• **Supplied entries**:
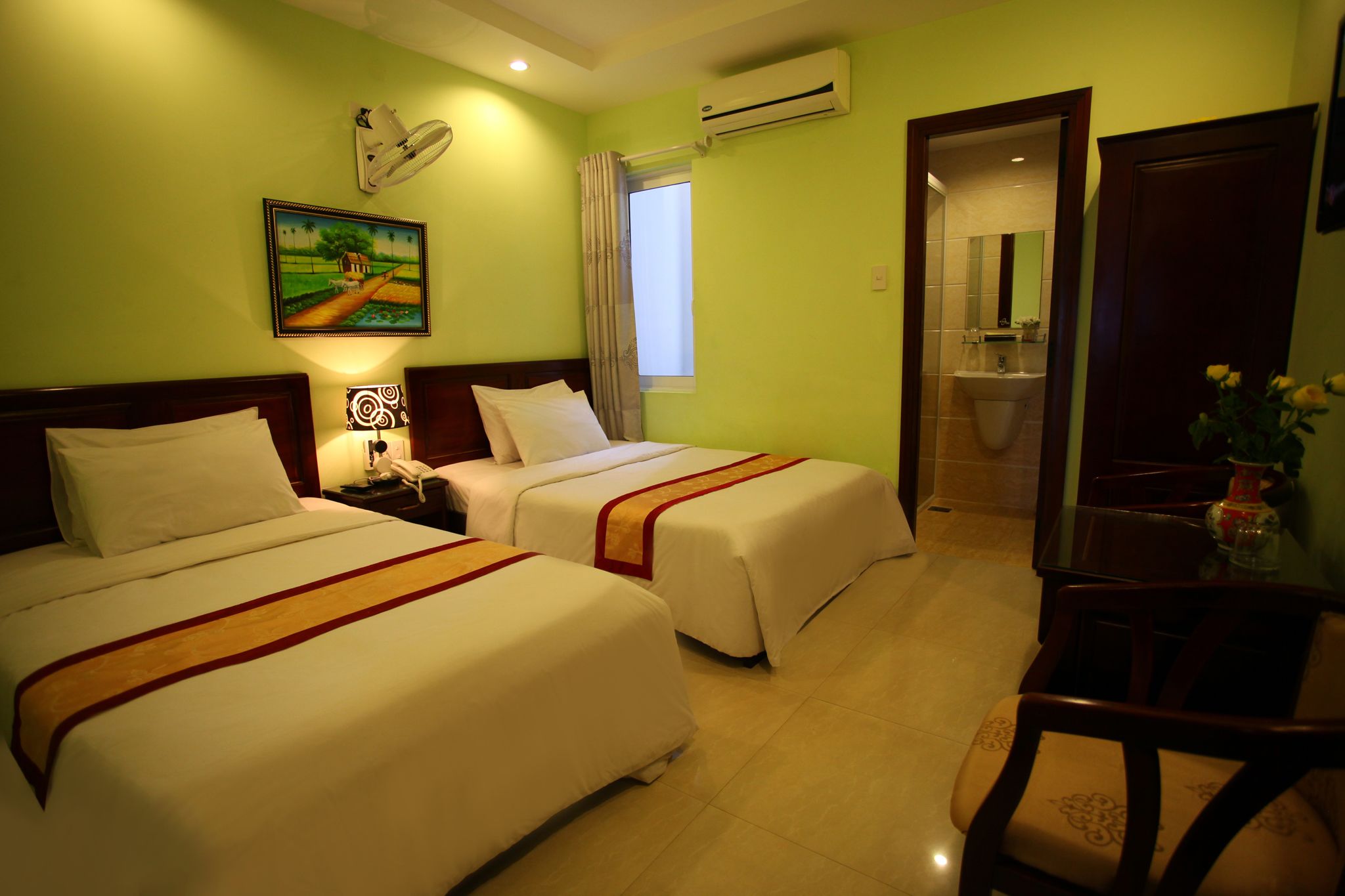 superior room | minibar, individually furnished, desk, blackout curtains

...

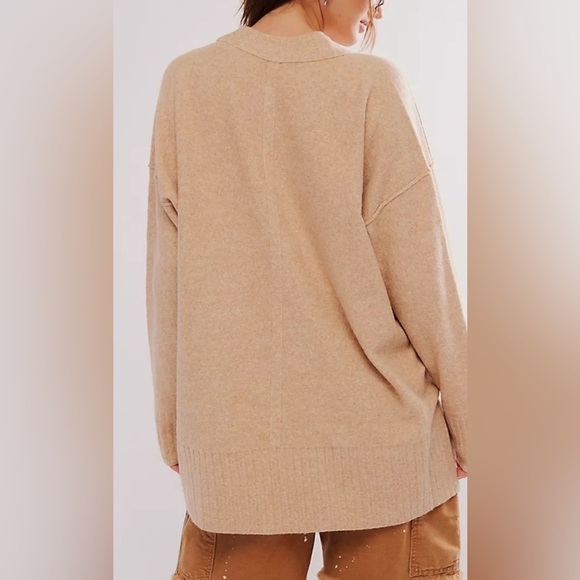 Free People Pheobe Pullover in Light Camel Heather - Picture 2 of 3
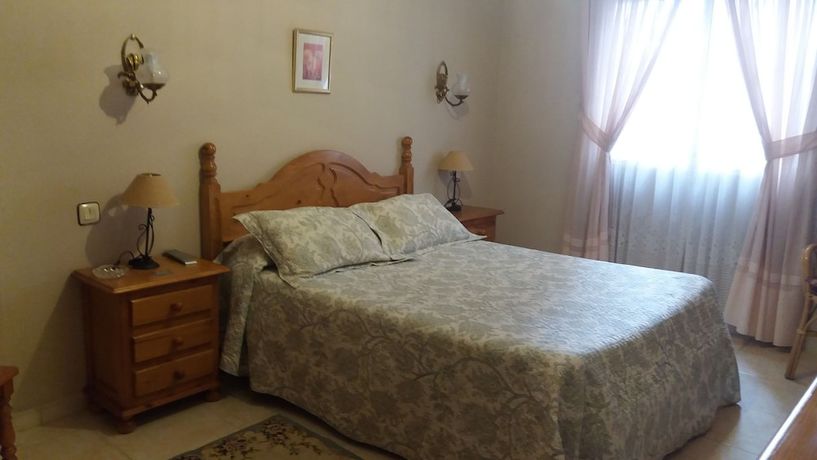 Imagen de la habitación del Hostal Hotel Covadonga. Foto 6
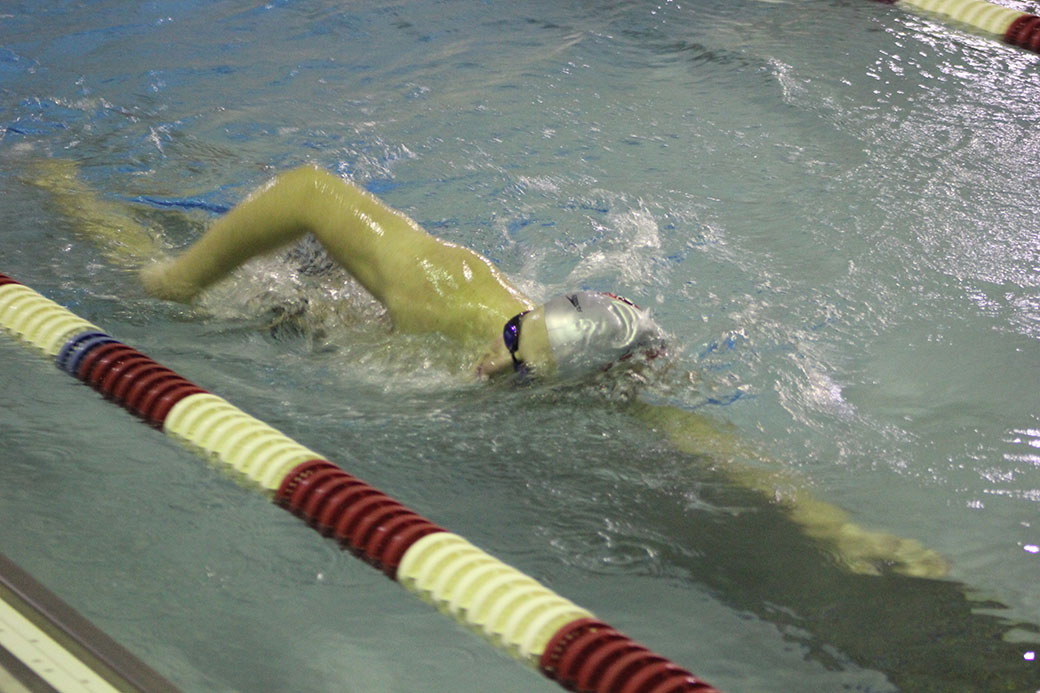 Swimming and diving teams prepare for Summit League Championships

• **Task directions**:
Although pictures appear among the entries, please set down only the lines from the one with "Free People Pheobe" up to and including the one with "Swimming and diving", word for word.

• **Answer**:
 Free People Pheobe Pullover in Light Camel Heather - Picture 2 of 3
 Imagen de la habitación del Hostal Hotel Covadonga. Foto 6
 Swimming and diving teams prepare for Summit League Championships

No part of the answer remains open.